What is required -
In the listing below, find the line containing "Deluxe Matte Lipstick Set - 4pcs" and the line containing "Lexmark X340H22G - originální – Sleviste.cz". Repeat exactly those two lines and every line between them.

Exercise materials -
────────────────────────────────────────

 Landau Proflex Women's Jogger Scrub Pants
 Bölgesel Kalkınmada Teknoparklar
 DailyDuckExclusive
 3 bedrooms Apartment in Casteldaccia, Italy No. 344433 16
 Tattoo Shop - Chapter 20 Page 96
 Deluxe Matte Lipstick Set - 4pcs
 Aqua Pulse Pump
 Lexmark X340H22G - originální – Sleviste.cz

────────────────────────────────────────

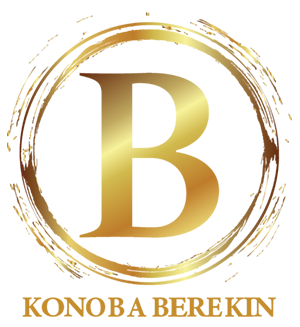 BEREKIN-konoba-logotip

────────────────────────────────────────

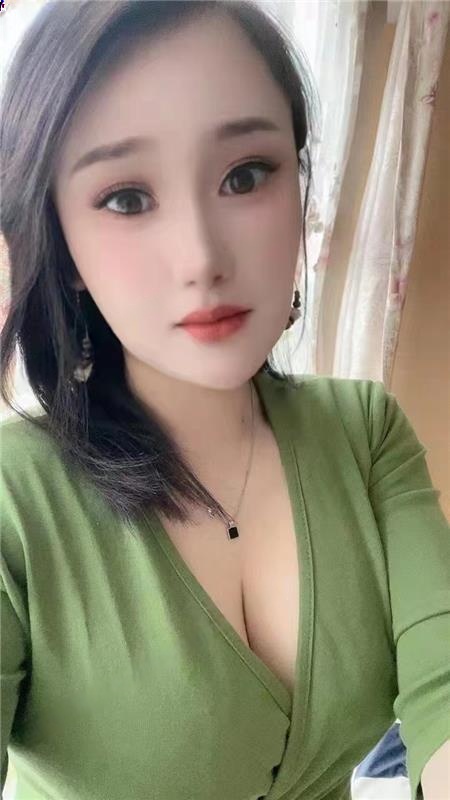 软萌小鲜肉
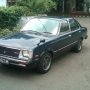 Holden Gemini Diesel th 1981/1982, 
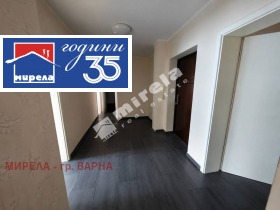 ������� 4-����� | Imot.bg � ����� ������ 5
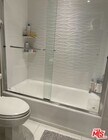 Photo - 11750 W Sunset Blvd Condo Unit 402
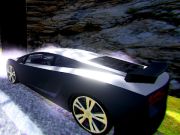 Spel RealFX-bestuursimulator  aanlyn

────────────────────────────────────────

Problem solution -
 Deluxe Matte Lipstick Set - 4pcs
 Aqua Pulse Pump
 Lexmark X340H22G - originální – Sleviste.cz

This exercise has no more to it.